The legal principle being tested is whether the right to freedom of association, and the related right to organise – which are both part of international law – do or don’t guarantee the right to strike. They are both part of Convention 87 of the International Labor Organisation (ILO).
The ILO’s decisions are made by member states along with representatives of workers and employers – the Australian representatives are the Australian Chamber of Commerce and Industry and the Australian Council of Trade Unions.

- Professor Sean Cooney
About a decade ago, employers sharply challenged whether Convention 87 could be interpreted as protecting a right to strike; worker representatives strongly opposed this, and the issue has been deadlocked.
“So, the ILO recently decided to refer the question to the International Court of Justice for an opinion,” Professor Cooney says. “That means that for countries like Australia, which don’t have a right to strike in their Constitutions, the main international basis of the right to strike could disappear.
“A threadbare right to strike would continue to exist, but it would be questionable how much value it will have to workers and their unions as they try to insist that governments protect peaceful industrial action.”

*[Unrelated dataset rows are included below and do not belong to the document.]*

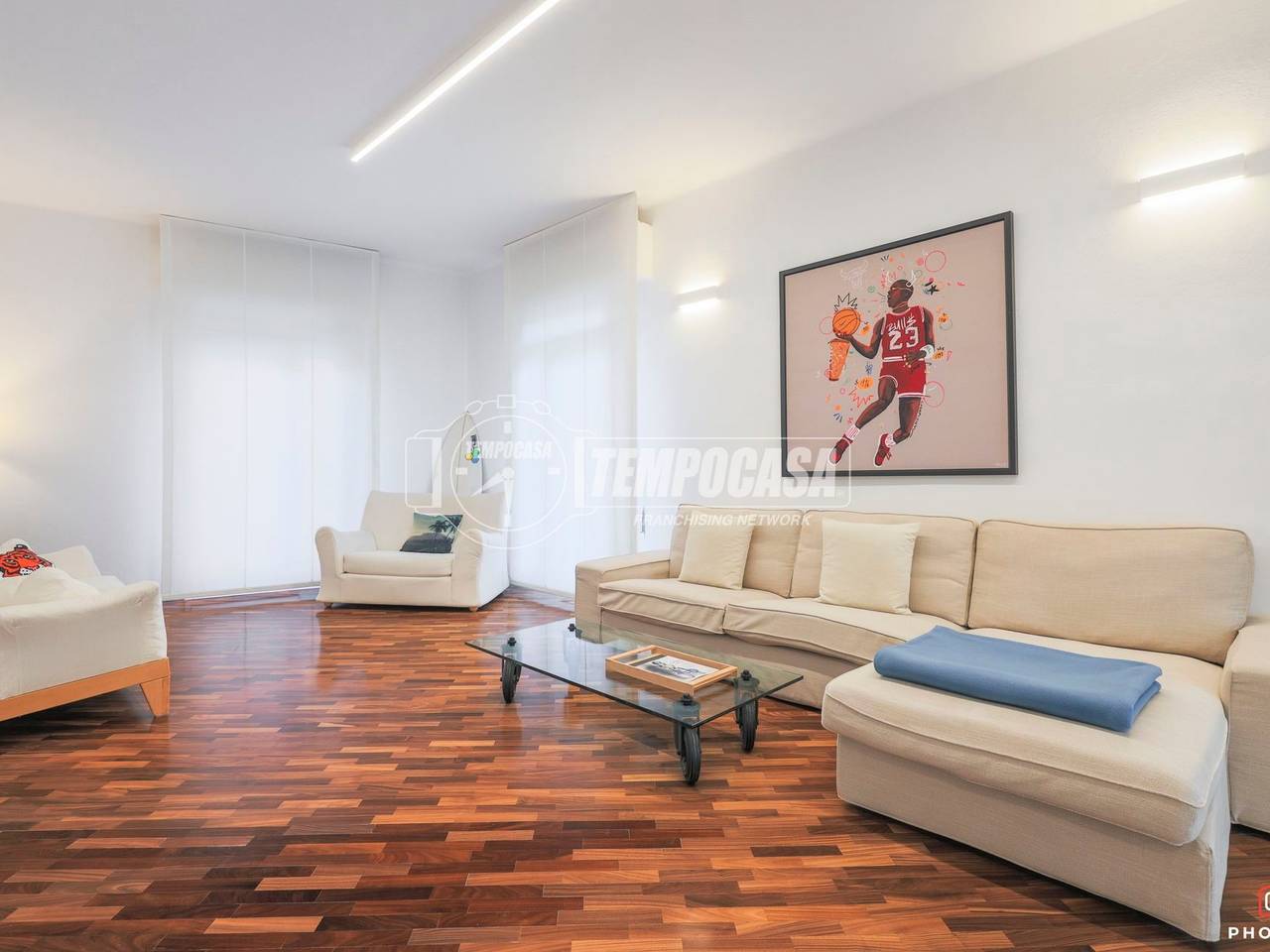 appartamento in vendita a Bologna in zona Santo Stefano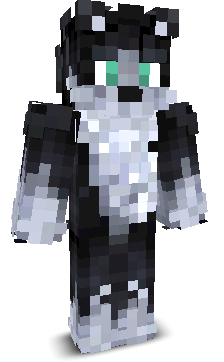 DanPolar's skin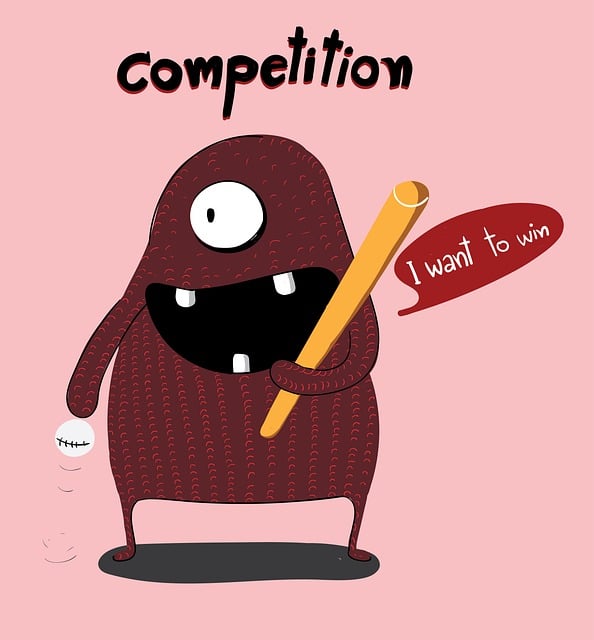 competitive plumbing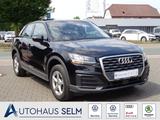 Audi Q2 1.4 TFSI Digitales Cockpit El. Heckklappe SHZ - Audi Gebrauchtwagen in Lünen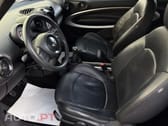 MINI Paceman Cooper D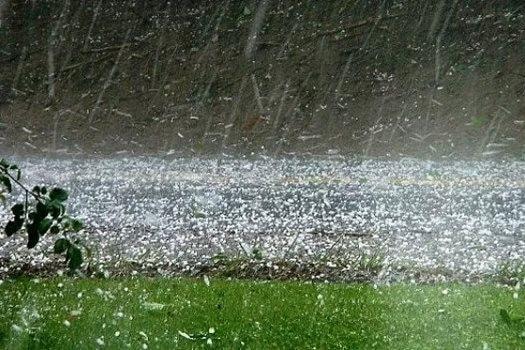 Thời tiết ngày 12/1: Bắc Bộ có khả năng xảy ra lốc, sét, mưa đá và gió giật mạnh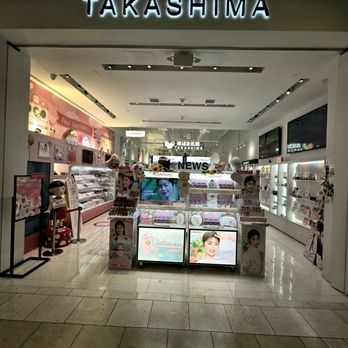 Takashima - Arcadia - Cosmetics & Beauty Supply Near Me - Arcadia, California
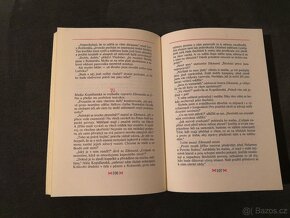 Miloslav Švandrlík: STAROSTI KORUNOVANÝCH (HLAV) - 4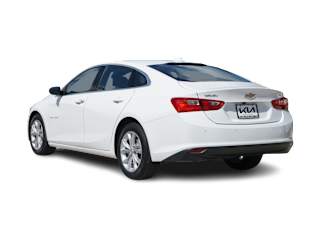 2025 Chevrolet Malibu, photo 11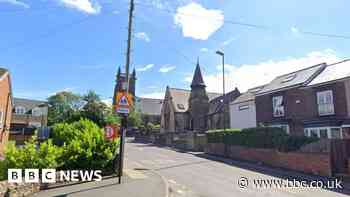 Sheffield: Girl, 13, sexually assaulted in Chapeltown street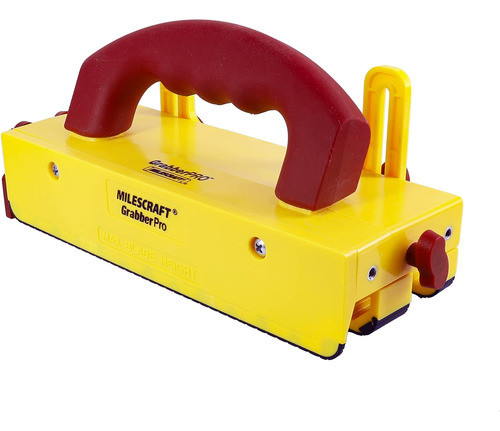 Bloque De Empuje Para Sierras De Mesa 0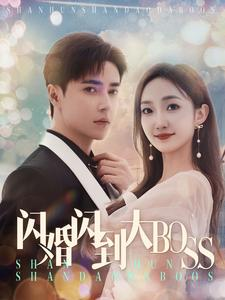 闪婚闪到大BOOS(76集) 闪婚闪到大BOOS(76集)百万短剧抢先看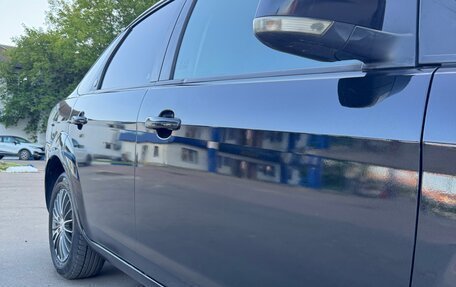 Ford Focus II рестайлинг, 2008 год, 485 000 рублей, 17 фотография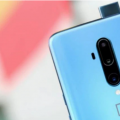 OnePlus 8 Pro发布后 OnePlus 7T Pro降价6000卢比
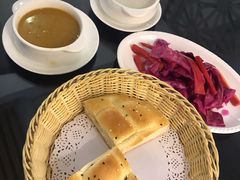 -Mevlana梅夫娜土耳其餐厅·清真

Such a decision would also dramatically unsettle a large body of law around strikes by institutions like the Court of Justice of the European Union, the European Court of Human Rights, the Inter-American Court of Human Rights, the Supreme Court of Canada, and the Constitutional Court of South Africa.
Convention No. 87 is designed to protect the independence of workers’ and employers’ organisations from interference by public authorities. It was adopted as a response to authoritarian regimes suppressing unions in countries like Germany, Japan and the Soviet Union in the mid-twentieth century.
Convention No. 87 does not directly refer to a right to strike, but for many decades the ILO’s supervisory bodies have said that it implies the right. “The Convention refers to unions ‘furthering and defending the interests of workers’, and strikes are a critical way to do this,” Professor Cooney says.